Your objective ::
The copy must match the data below line for line and contain no images.

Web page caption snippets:

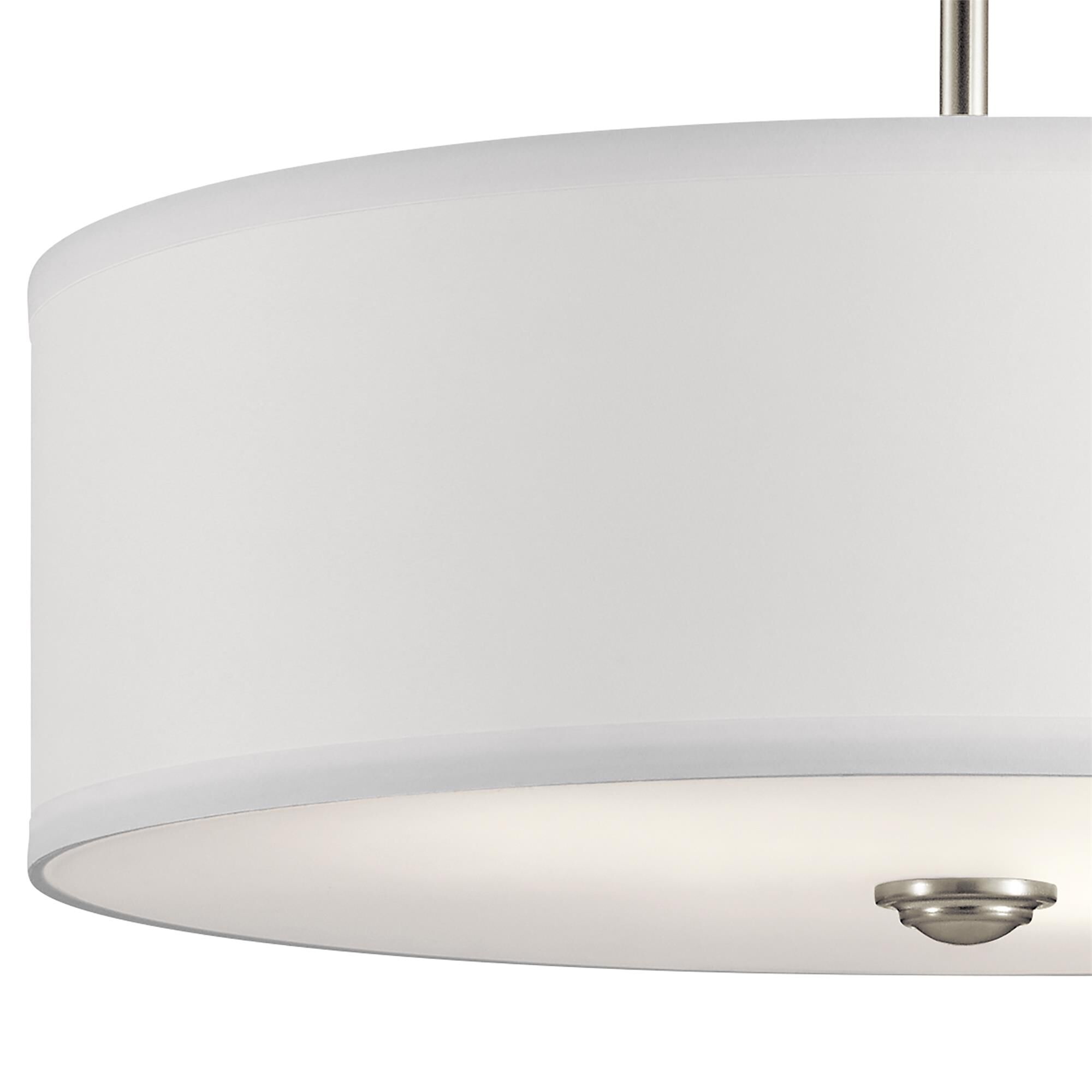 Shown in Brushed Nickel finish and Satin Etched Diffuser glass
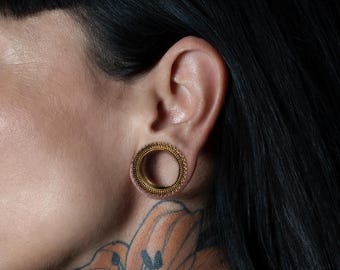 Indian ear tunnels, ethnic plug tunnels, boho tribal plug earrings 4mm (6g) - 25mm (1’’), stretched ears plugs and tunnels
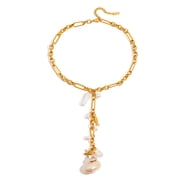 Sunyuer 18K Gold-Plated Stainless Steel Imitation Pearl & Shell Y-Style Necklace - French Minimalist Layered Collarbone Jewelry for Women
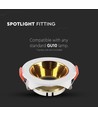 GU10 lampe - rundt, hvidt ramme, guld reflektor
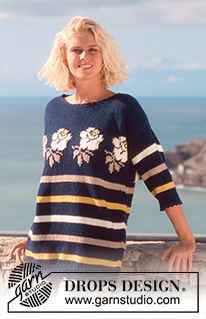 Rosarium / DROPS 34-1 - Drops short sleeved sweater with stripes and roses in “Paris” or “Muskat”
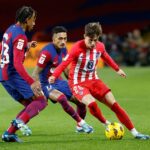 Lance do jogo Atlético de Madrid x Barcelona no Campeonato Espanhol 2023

Your solution ::
 Shown in Brushed Nickel finish and Satin Etched Diffuser glass
 Indian ear tunnels, ethnic plug tunnels, boho tribal plug earrings 4mm (6g) - 25mm (1’’), stretched ears plugs and tunnels
 Sunyuer 18K Gold-Plated Stainless Steel Imitation Pearl & Shell Y-Style Necklace - French Minimalist Layered Collarbone Jewelry for Women
 GU10 lampe - rundt, hvidt ramme, guld reflektor
 Rosarium / DROPS 34-1 - Drops short sleeved sweater with stripes and roses in “Paris” or “Muskat”
 Lance do jogo Atlético de Madrid x Barcelona no Campeonato Espanhol 2023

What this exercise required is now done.